◆ **What the exercise asks**: Copy the material below verbatim from the line with "Immunohistochemistry: ADAMTS8 Antibody" to the line with "[20대 여자 넓은 M자이마", both lines included, omitting pictures and every line outside that range.

◆ **Data to process**:
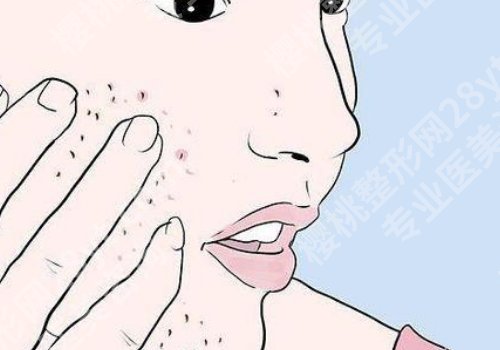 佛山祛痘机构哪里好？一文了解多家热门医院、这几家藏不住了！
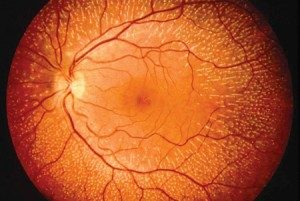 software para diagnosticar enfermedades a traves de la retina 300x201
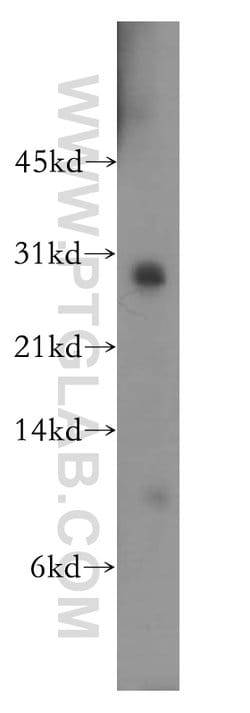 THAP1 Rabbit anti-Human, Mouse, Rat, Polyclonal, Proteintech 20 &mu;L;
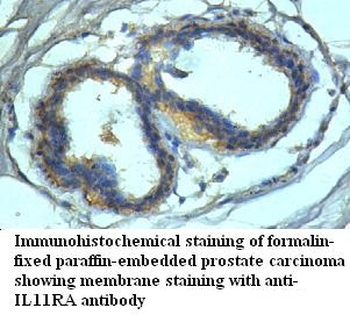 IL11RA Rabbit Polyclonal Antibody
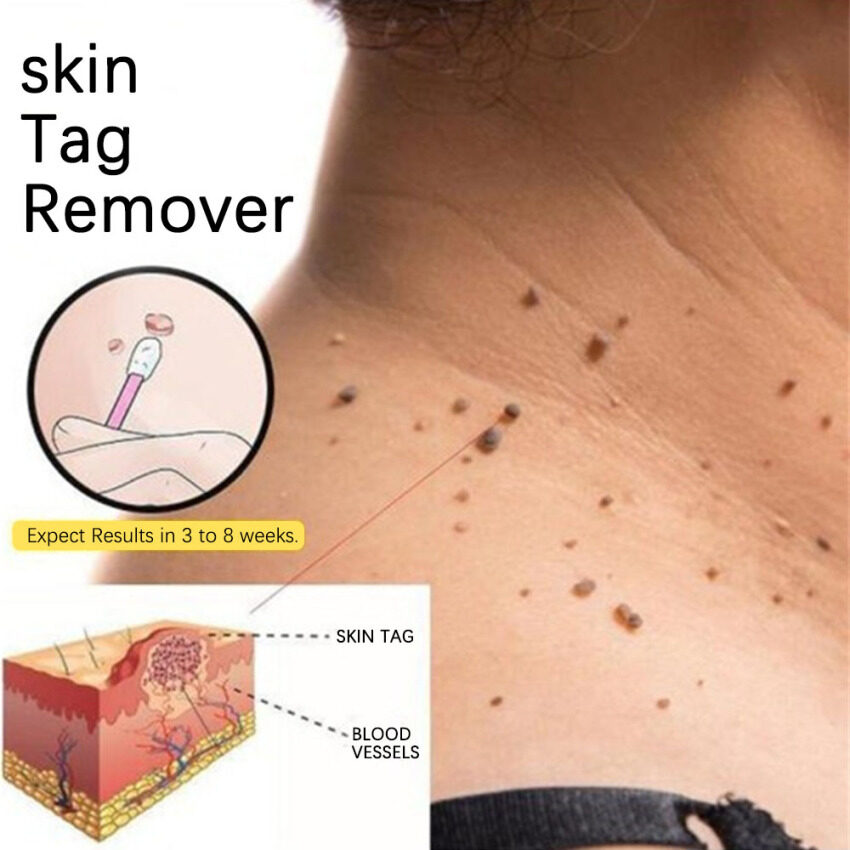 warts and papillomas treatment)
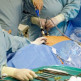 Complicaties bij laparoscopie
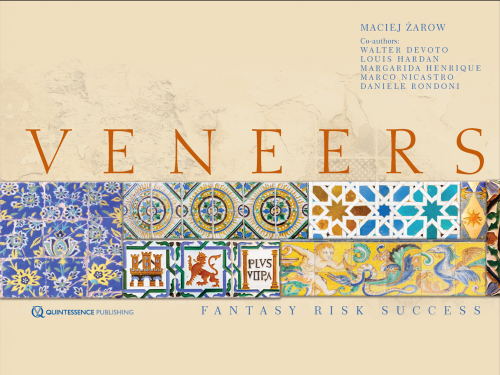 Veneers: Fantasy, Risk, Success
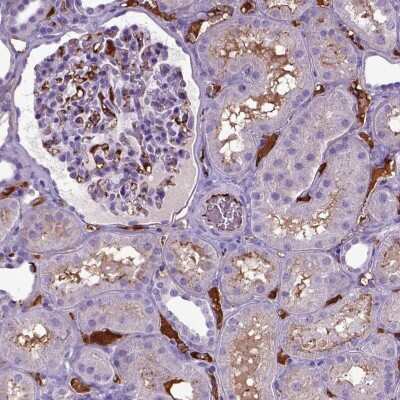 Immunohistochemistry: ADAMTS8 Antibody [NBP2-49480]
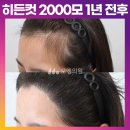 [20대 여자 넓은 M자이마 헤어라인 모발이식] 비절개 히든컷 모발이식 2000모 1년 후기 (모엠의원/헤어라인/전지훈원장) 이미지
==
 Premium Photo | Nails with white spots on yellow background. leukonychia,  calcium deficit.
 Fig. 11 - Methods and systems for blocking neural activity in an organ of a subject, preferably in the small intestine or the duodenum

◆ **Solution**:
 Immunohistochemistry: ADAMTS8 Antibody [NBP2-49480]
 [20대 여자 넓은 M자이마 헤어라인 모발이식] 비절개 히든컷 모발이식 2000모 1년 후기 (모엠의원/헤어라인/전지훈원장) 이미지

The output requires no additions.